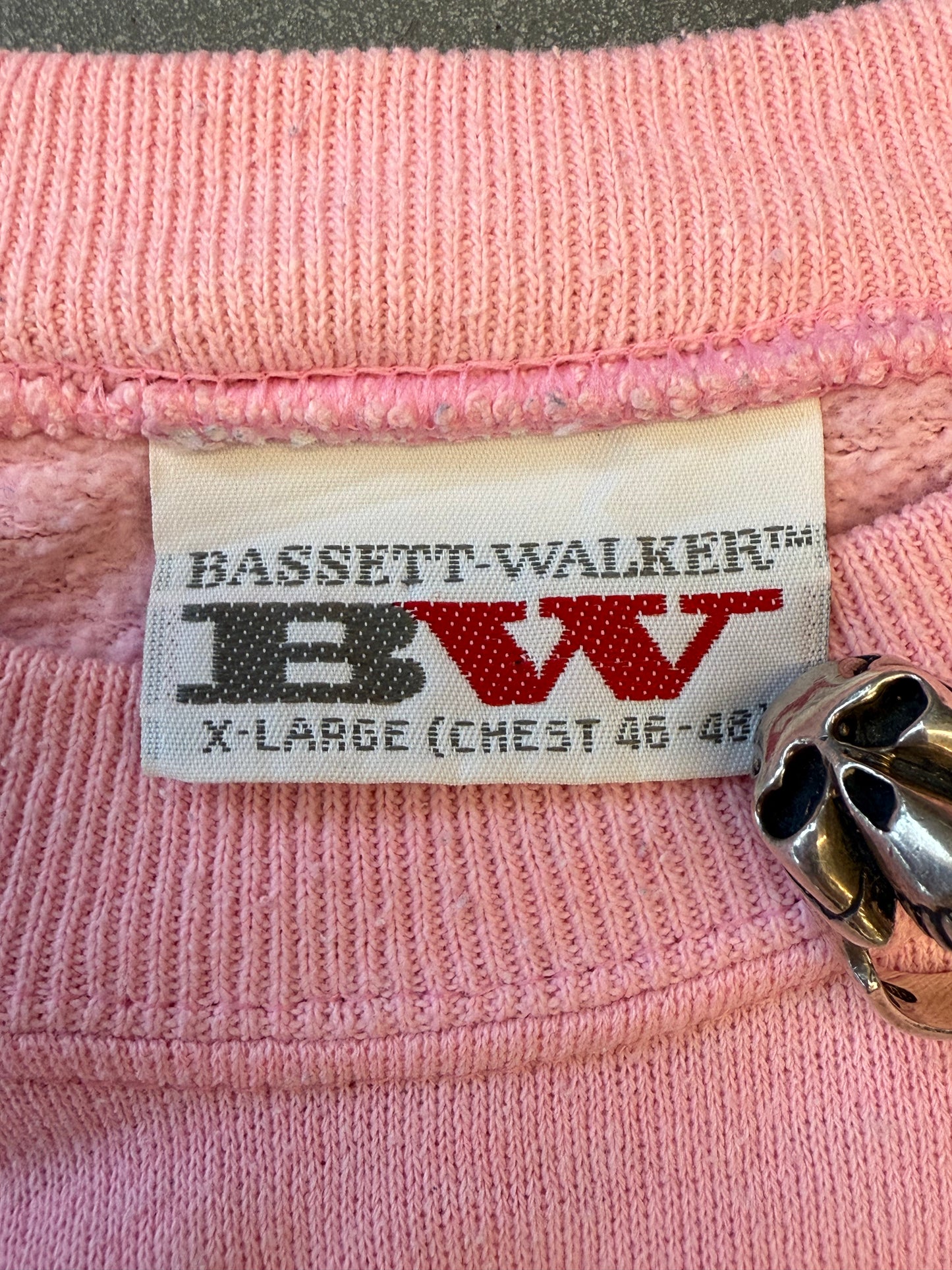 1989 HARLEY DAVIDSON MOTORCYCLES 3D EMBLEM ROSES PINK CREWNECK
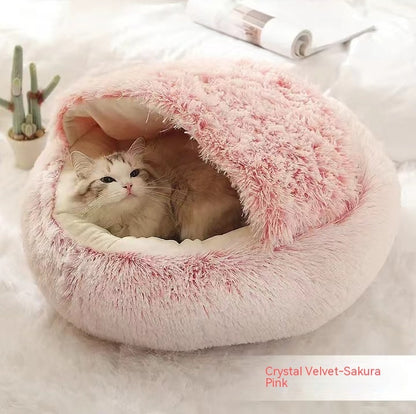 Pet Bed Winter Plush Warm House Soft Long Plush Bed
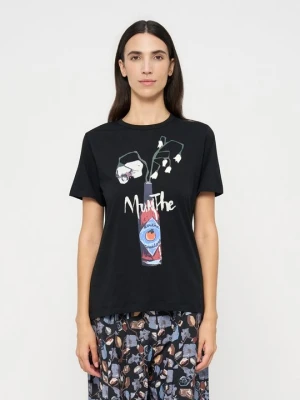 T-shirt z nadrukiem MUNTHE czarny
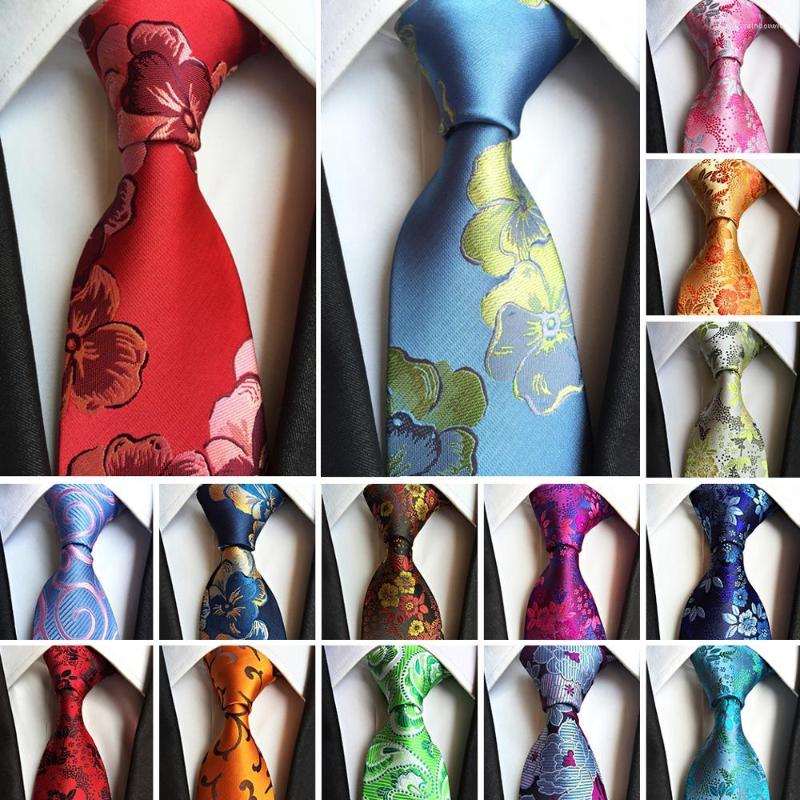 

Bow Ties Novelty Men's Classic Floral Neckties Silk 8CM For Men Green Blue Business Jacquard Woven Wedding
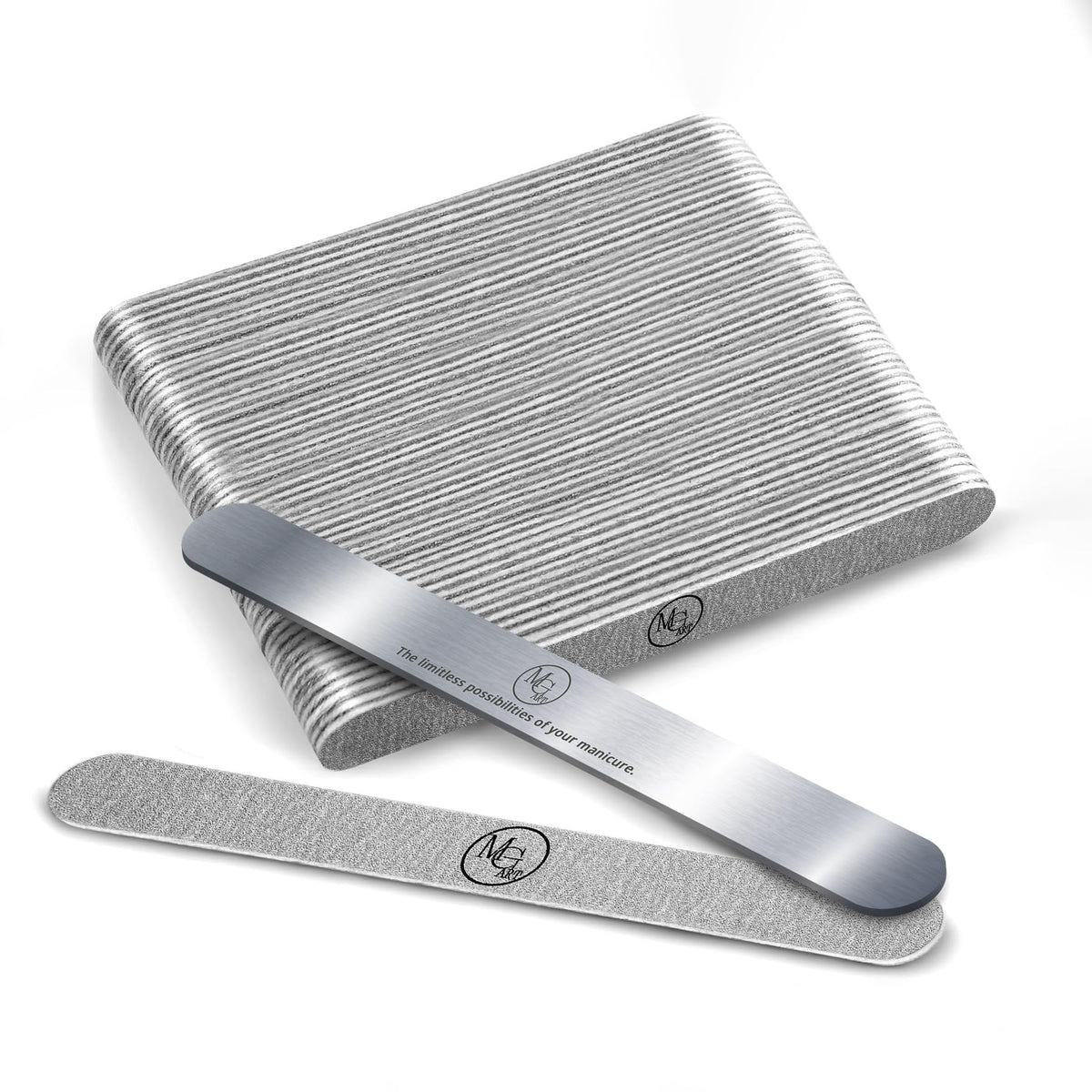 MGart 100 Grit Peel-and-Stick Nail Files with Reusable Metal Base, 50 Pieces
※ ※ ※
For this exercise, retype the data above exactly and skip every image.

 1989 HARLEY DAVIDSON MOTORCYCLES 3D EMBLEM ROSES PINK CREWNECK
 Pet Bed Winter Plush Warm House Soft Long Plush Bed
 T-shirt z nadrukiem MUNTHE czarny

Bow Ties Novelty Men's Classic Floral Neckties Silk 8CM For Men Green Blue Business Jacquard Woven Wedding
 MGart 100 Grit Peel-and-Stick Nail Files with Reusable Metal Base, 50 Pieces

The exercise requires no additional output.